Fell et al. (2014), for example, reported that a 10% increase in the DWI arrest rate corresponded to a 1% reduction in alcohol-involved accidents. The greater decline in alcohol-related traffic deaths among 16- to 20-year-olds is in part attributable to the adoption of age 21 as the legal drinking age, which occurred in all States by 1988. A review of more than 49 studies of changes in the legal drinking age revealed that in the 1980s and 1990s when many States lowered the legal drinking age, alcohol-related traffic crashes involving drivers under 21 increased 10 percent. In contrast, when States increased the legal drinking age to 21, alcohol-related crashes among people under 21 decreased an average of 16 percent (Shults et al. 2001).
According to the National Highway Traffic Safety Administration (NHTSA), approximately 11,654 Americans were killed in alcohol-impaired driving crashes in 2020; deaths like these were 30% of all total motor vehicle traffic fatalities in the United States. It is also estimated that 1.5 million people are arrested each year for driving under the influence of alcohol. Impaired driving continues to be a serious traffic safety and public health issue for the entire country. The percentage of traffic deaths that are alcohol related also varies depending on the role of the person killed in the crash (i.e., whether the person killed was the driver, passenger, or pedestrian) and by the type of vehicle involved. In 2002, 41 percent of the drivers killed in crashes were killed in alcohol-related crashes, compared with 37 percent of passenger deaths and 47 percent of pedestrian deaths.
More Jail Time Might Be in Your Future
It also provides a state by state breakdown of alcohol-impaired driving laws. With 28 people dying every day in America due to drunk driving, it’s essential that our country increases the education and awareness for drinking and driving. Wisconsin is the only state where driving while intoxicated is not a misdemeanor – or even a “crime” –for the first offense (unless a passenger in the vehicle is under 16).
If so, the parameter estimates on the risk perception covariates would be negatively biased. By contrast, the second analysis examined how an individual’s estimated probability of his or her future alcohol-impaired driving changed when we varied legal consequences. This analysis was based on within-person variation in risk perceptions and behavior. To the extent this is so, the parameter estimates would be biased toward zero.

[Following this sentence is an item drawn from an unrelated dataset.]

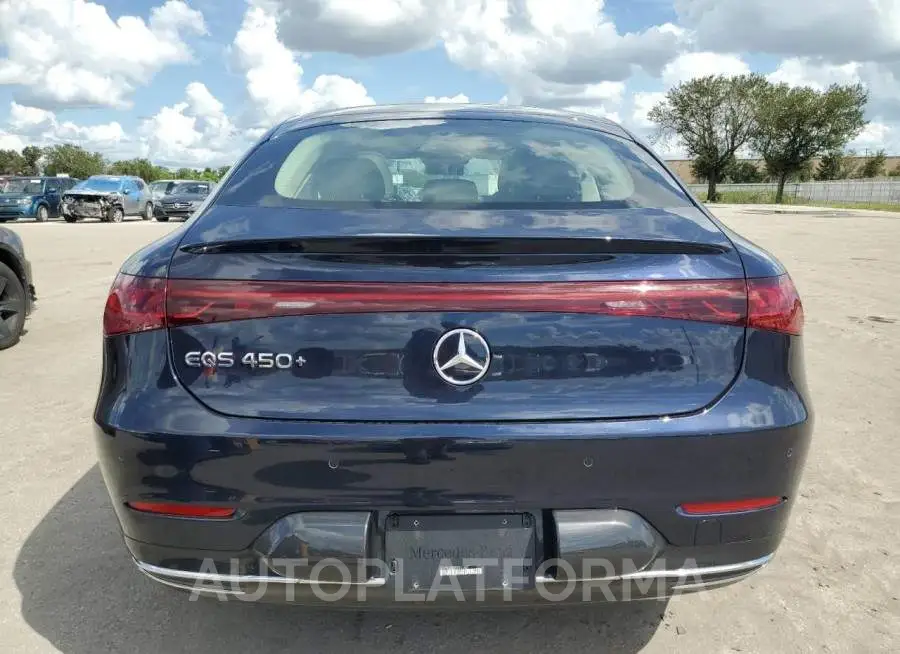 MERCEDES-BENZ EQS SEDAN 2022 vin W1KCG2DB8NA011707 from auto auction Copart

The Dangers of Drunk Driving
This wave elicited information on socio-demographic characteristics, alcohol-related behaviors, health, cognition, impulsivity, and other types of information. The second and third waves were conducted by Computer Assisted Self-Administered Interviews (CASI). The second wave (CASI-I) elicited subjective beliefs about respondents’ future alcohol-impaired driving and current legal consequences for DWI. This wave repeated selected batteries of questions from CASI-I and also asked respondents to report their number of actual alcohol-impaired driving episodes since the CASI-I interview.